What is happening as the object is accelerating is that the observer on the object (say, a spaceship), would notice the rest of the universe accelerating and eventually approaching the speed of light, but as far as the observer himself is concerned, he's at rest. It's the same concept of imagining yourself sitting in the back of a covered truck that is driving down the highway: you know the truck is constantly vibrating, but you have no idea how fast you're going, and no way to measure it, or even distinguish it from a truck that isn't moving but is just vibrating. Even if you can look out of a moving vehicle, the only reason that you "know" that you are moving and it's not the world that is moving by you is because you know that the world is so much bigger than you and that it makes sense to think in terms of the world's rest frame, and not in your rest frame. You are, of course, orbiting the Sun along with the rest of the Earth, but how often do you think of that (or notice that) when you're going about your daily activities or just "resting"? The observer on board the spaceship accelerating toward the speed of light observes the same thing: it is the rest of the universe that is moving, not the spaceship.

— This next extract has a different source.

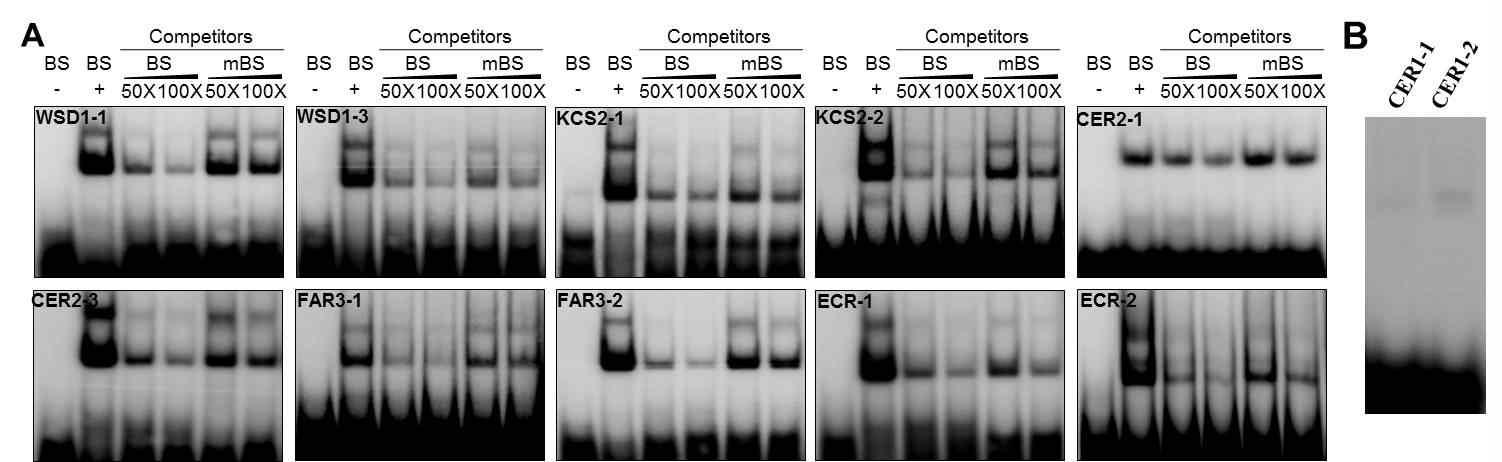 Electrophoretic Mobility Shift Assays (EMSA). (A) Cuticular wax 생합성에 관여하는 유전자들의 프로모터 부위에서 MYB binding consensus sequence (BS)와 mutated MYB-binding consensus sequence (mBS) 정보. (B and C) EMSA assays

Meanwhile, what you've read about black holes is wrong. It is the singularity at the center of the black hole that it takes an infinite amount of time to watch something falling into, but which an observer falling in gets there in a finite amount of time. The event horizon is just a distance from the singularity and yes, it is possible to watch something fall through the event horizon of a black hole. Ordinarily, you couldn't see the object falling in that never gets to the singularity, though, because if you're not falling into the hole and are outside of the event horizon, then you can't see inside, and if you're inside the event horizon then you're going to be reaching the singularity yourself pretty soon as well. What you would notice if you were both falling into the black hole is that you would both get to the singularity at the same time, even if the other object had a large head start. What is happening is not that one of you is going back in time, rather that time is passing for you at different rates. An observer watching a clock falling into a black hole would notice the hands on the clock grinding to a halt (assuming the clock could withstand the tidal forces of falling into the hole, of course). An observer falling into a black hole would also notice that time in the rest of the universe would become increasingly rapid as he fell in, and as the observer reached the singularity; time in the rest of the universe would be passing infinitely quickly.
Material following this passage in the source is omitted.